#### GIVEN MATERIAL:
↓

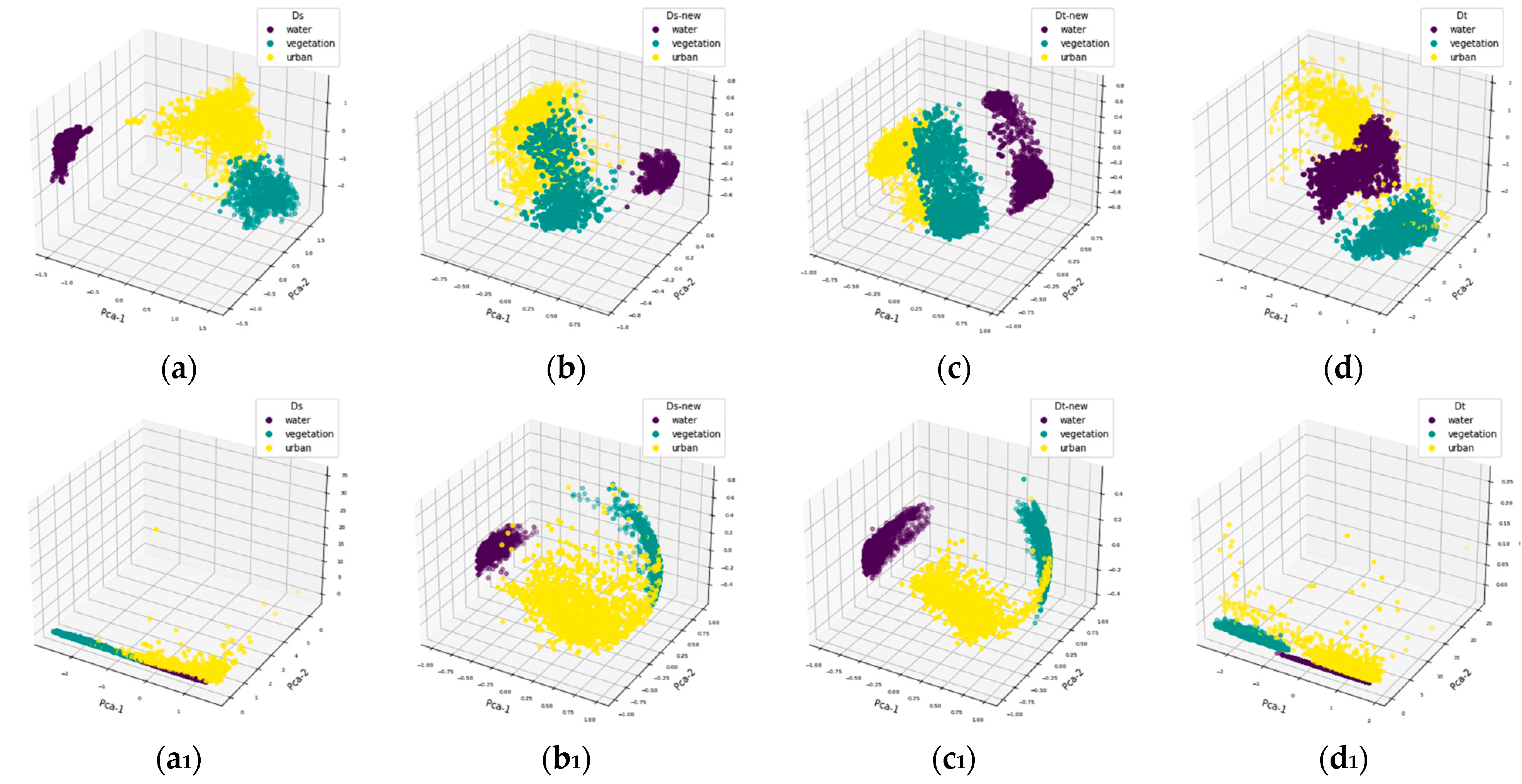 Agriculture 14 01511 g013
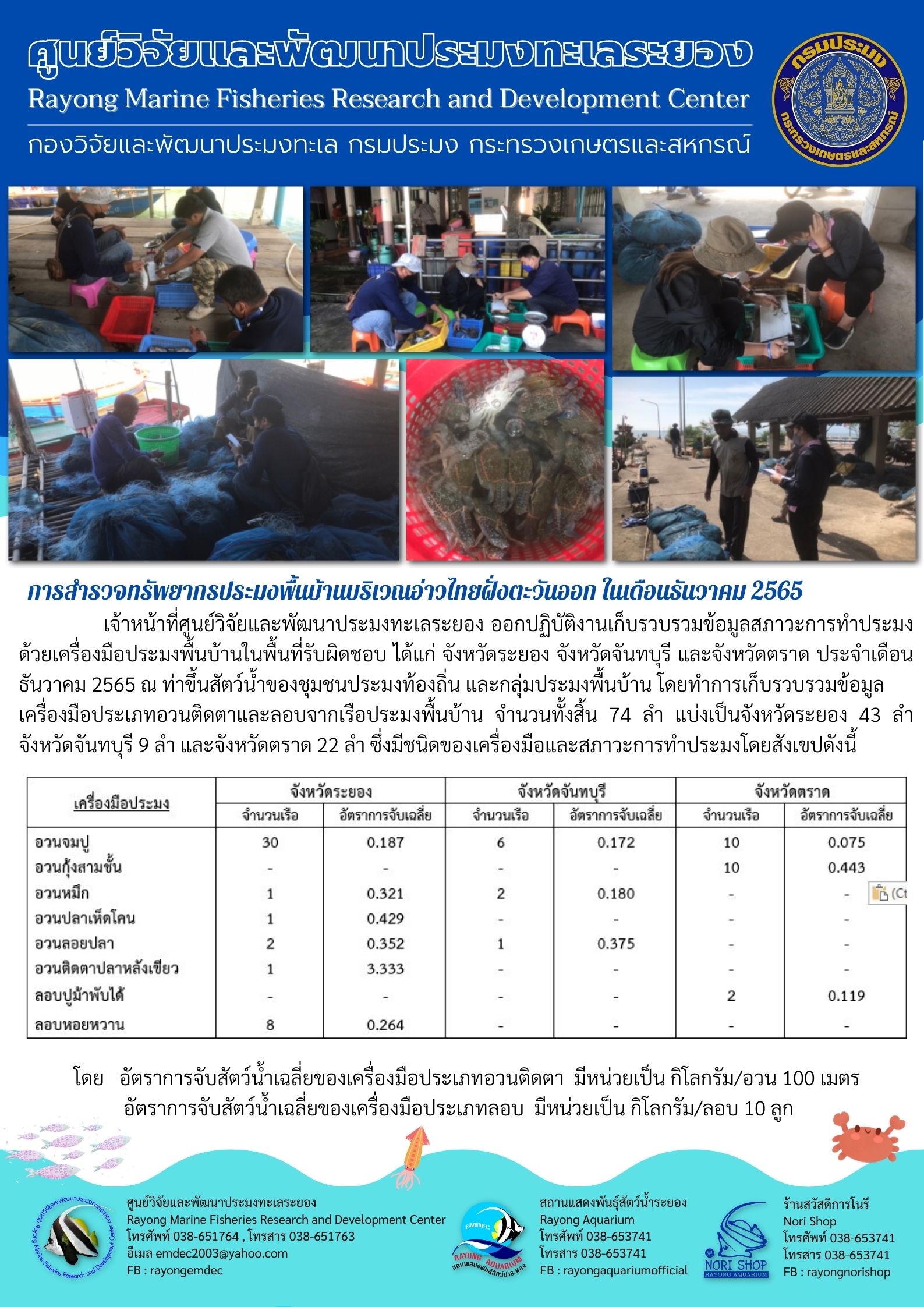 เจ้าหน้าที่ศูนย์วิจัยและพัฒนาประมงทะเลระยอง ออกปฏิบัติงานเก็บรวบรวมข้อมูลสภาวะการทำประมงด้วยเครื่องมือประมงพื้นบ้านในพื้นที่รับผิดชอบ ได้แก่ จังหวัดระยอง จังหวัดจันทรบุรี และจังหวัดตราด ประจำเดือน ธันวาคม 2565 ณ ท่าขึ้นสัตว์น้ำของชุมชนประมงท้องถิ่น และกลุ่มประมงพื้นบ้าน โดยทำการเก็บรวบรวมข้อมูลเครื่องมือประเภทอวนติดตาและลอบจากเรือประมงพื้นบ้าน จำนวนทั้งสิ้น 74 ลำ แบ่งเป้นจังหวัดระยอง 43 ลำ จังหวัดจันทบุรี 9 ลำ และจังหวัดตราด 22 ลำ ซึ่งมีชนิดของเครื่องมือและสภาวะการทำประมงโดยสังเขปดังนี้..คลิก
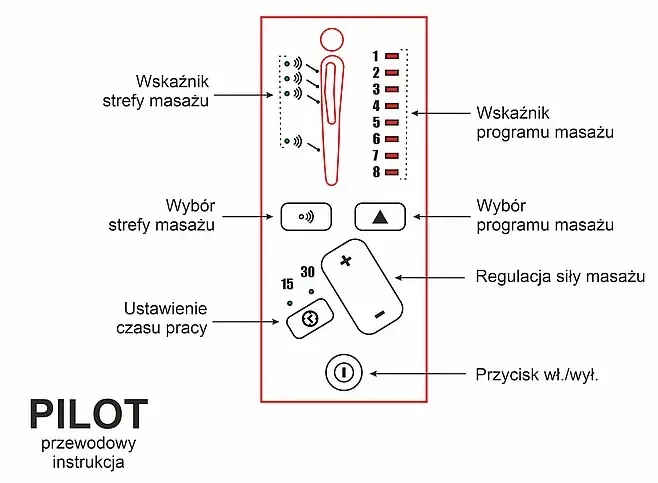 Fotel rozkładany z funkcją masażu Pegaz M Velvet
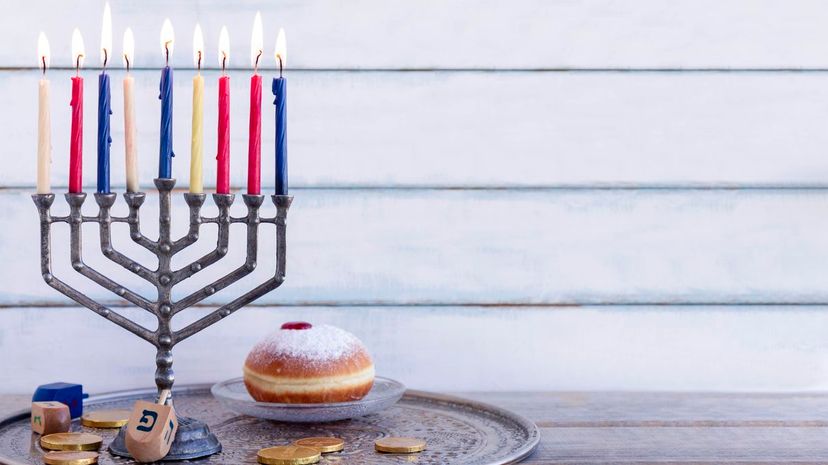 How Much Do You Know About Jewish Holidays?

↑

#### YOUR ASSIGNMENT:
Write out the material above without changing a word, and skip any picture.

#### REPLY:
 Agriculture 14 01511 g013
 เจ้าหน้าที่ศูนย์วิจัยและพัฒนาประมงทะเลระยอง ออกปฏิบัติงานเก็บรวบรวมข้อมูลสภาวะการทำประมงด้วยเครื่องมือประมงพื้นบ้านในพื้นที่รับผิดชอบ ได้แก่ จังหวัดระยอง จังหวัดจันทรบุรี และจังหวัดตราด ประจำเดือน ธันวาคม 2565 ณ ท่าขึ้นสัตว์น้ำของชุมชนประมงท้องถิ่น และกลุ่มประมงพื้นบ้าน โดยทำการเก็บรวบรวมข้อมูลเครื่องมือประเภทอวนติดตาและลอบจากเรือประมงพื้นบ้าน จำนวนทั้งสิ้น 74 ลำ แบ่งเป้นจังหวัดระยอง 43 ลำ จังหวัดจันทบุรี 9 ลำ และจังหวัดตราด 22 ลำ ซึ่งมีชนิดของเครื่องมือและสภาวะการทำประมงโดยสังเขปดังนี้..คลิก
 Fotel rozkładany z funkcją masażu Pegaz M Velvet
 How Much Do You Know About Jewish Holidays?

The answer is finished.